Female fit

Many products are rethought with sustainability and ergonomics in mind, but designing for the specific needs of women all too rarely comes into the equation – and a touch of pink just won’t cut it any more. Clare Dowdy explores what might be ’the last untapped market’

Despite the strides that the feminist movement has made, many people still believe that women are poorly served by existing products, services and environments. In response to this, new female-friendly solutions are being offered across a raft of sectors, from consumer electronics and workspaces to healthcare uniforms.

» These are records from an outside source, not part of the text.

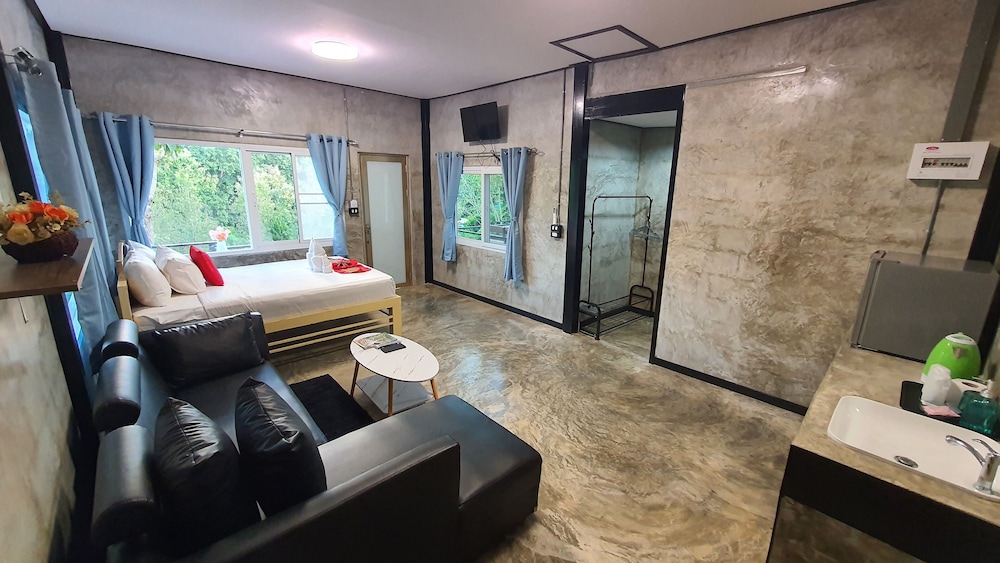Banphu Montalang Resort 27/27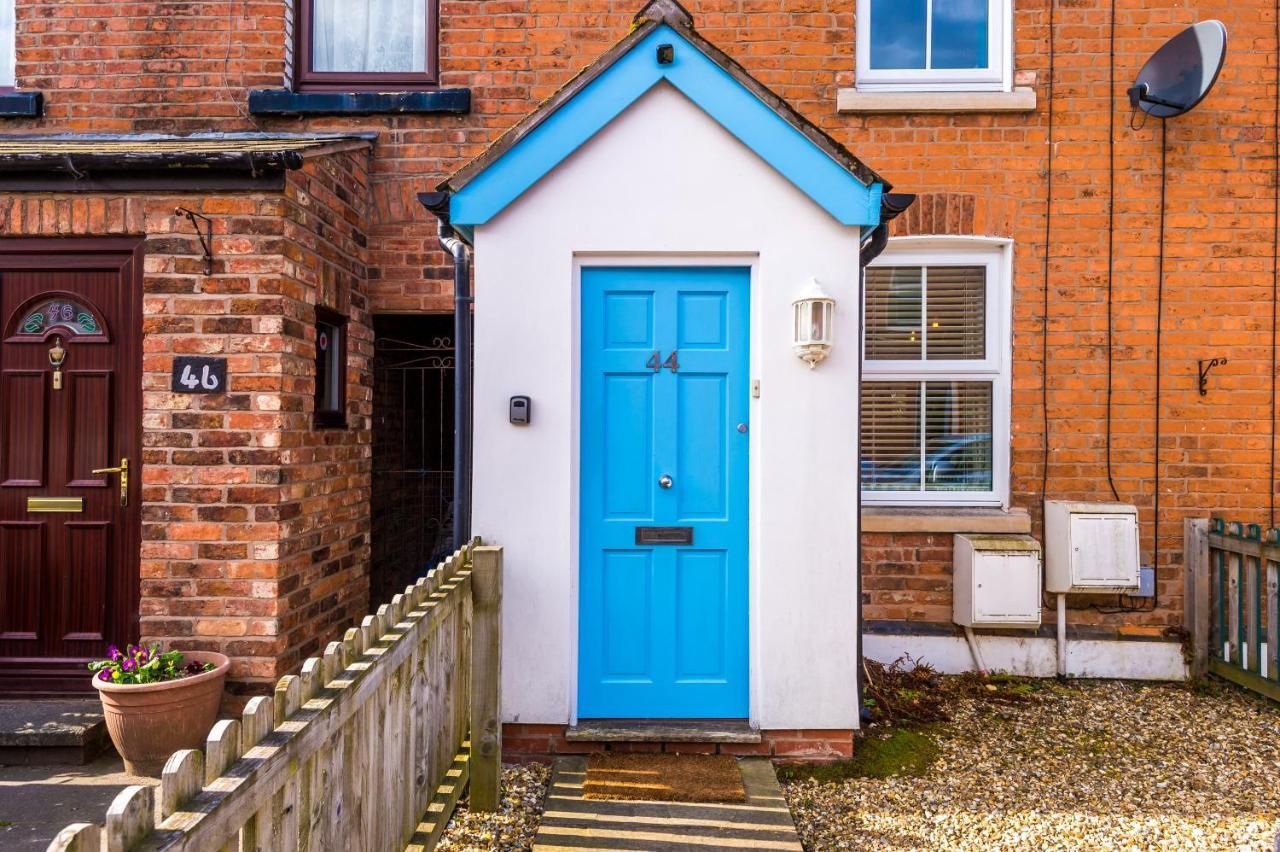 Pristine Chester House: 2-Bed Family Haven by 53 Degrees Property Hough Green Exterior photo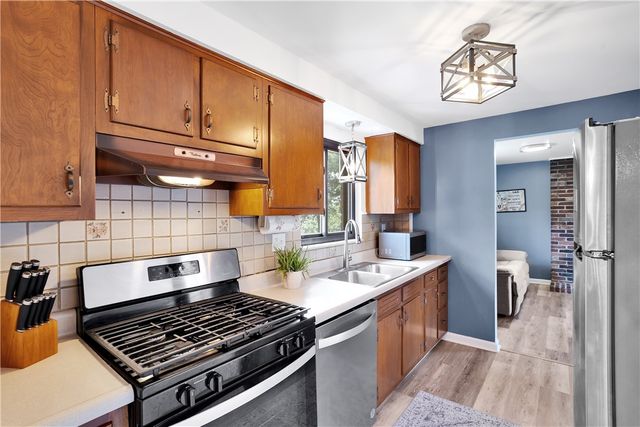 16 Midway Drive, Kennedy Twp, PA 15136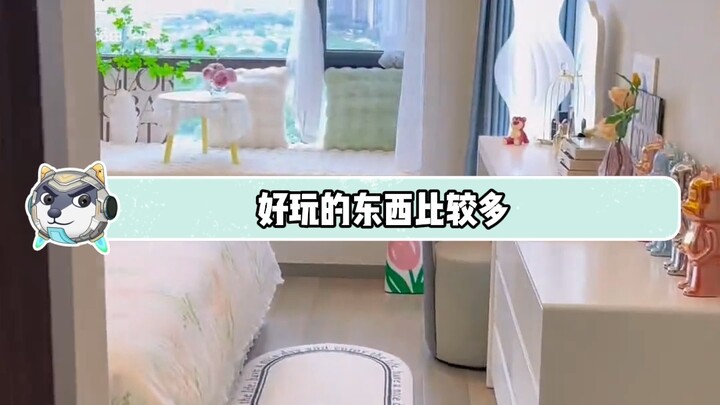 Tại sao các em trai, em gái lại thích ở trong phòng của chị gái vậy?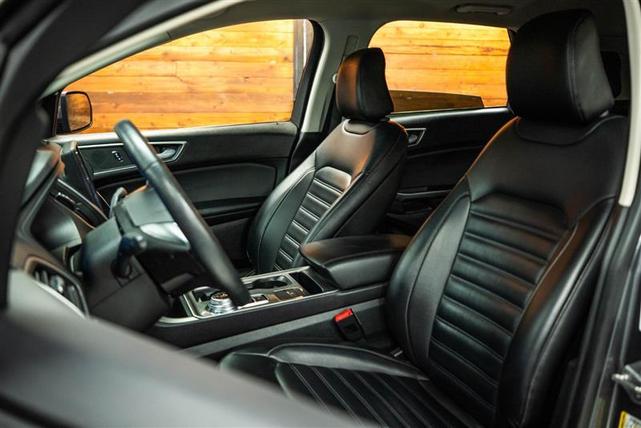 Photo of 2024 Gray Ford Edge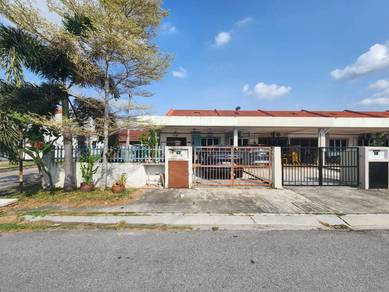 END LOT Extra Land, Teres Setingkat Taman Meru Permai CANTIK, FREEHOLD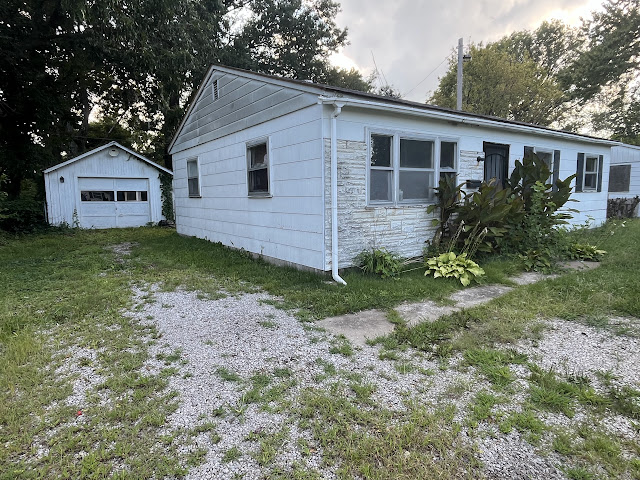 1322 Williams St: photo 3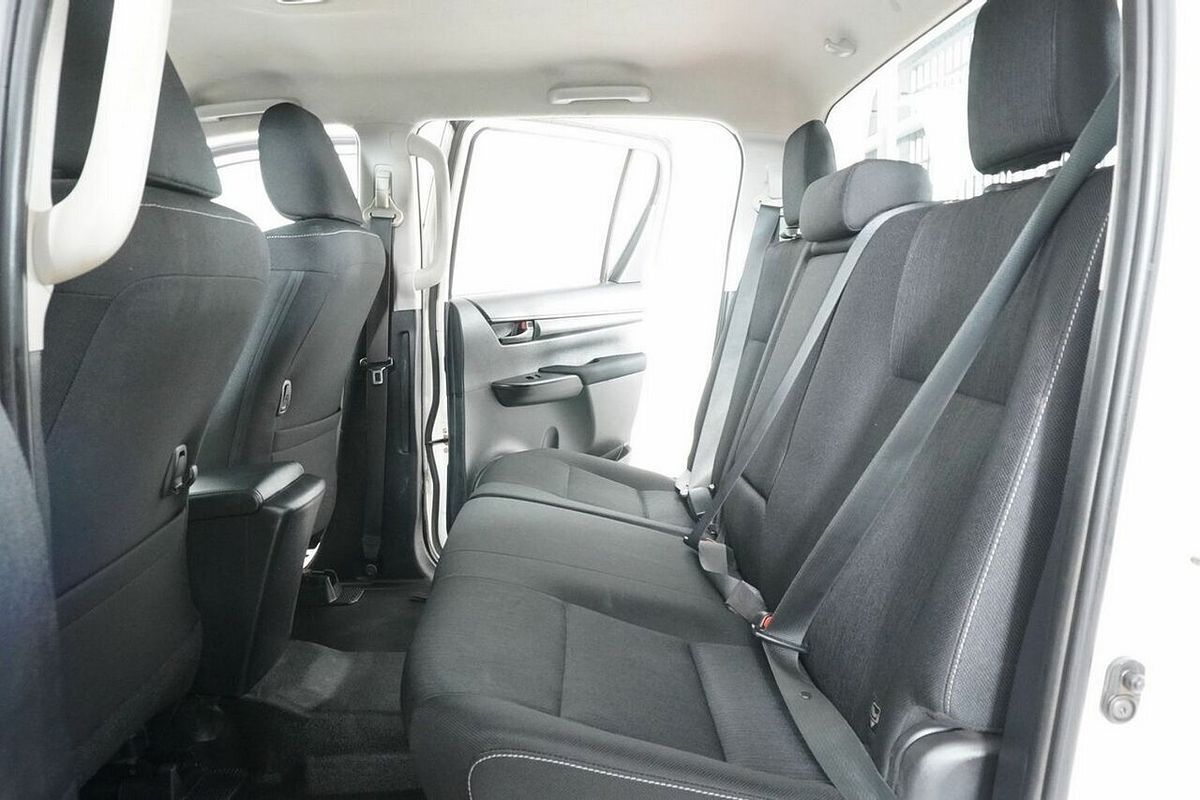 2021 Toyota Hilux SR (4x4) GUN126R Facelift 4X4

While women’s roles have evolved, the tools and environments they are operating in haven’t. ’Companies are still relying on stereotypes of the past, often resorting to the “shrink it and pink it” approach to connect with women,’ says Agnete Enga, founder of product design consultancy Smart Design’s internal initiative Femme Den. The awkwardly named venture aims to ’save good women from bad products’. Enga is currently poised to expand her cause from the US to Europe, with the launch of Femme Den in Barcelona, where Smart has an office.

Women have long been cultivated as a potentially lucrative audience by certain opportunistic businesses. At the turn of the millennium, Design House created The Toyota Experience – a redesign of the conventional car dealership to appeal to women. And it worked: one dealership saw sales to women increase by 40 per cent in the first year.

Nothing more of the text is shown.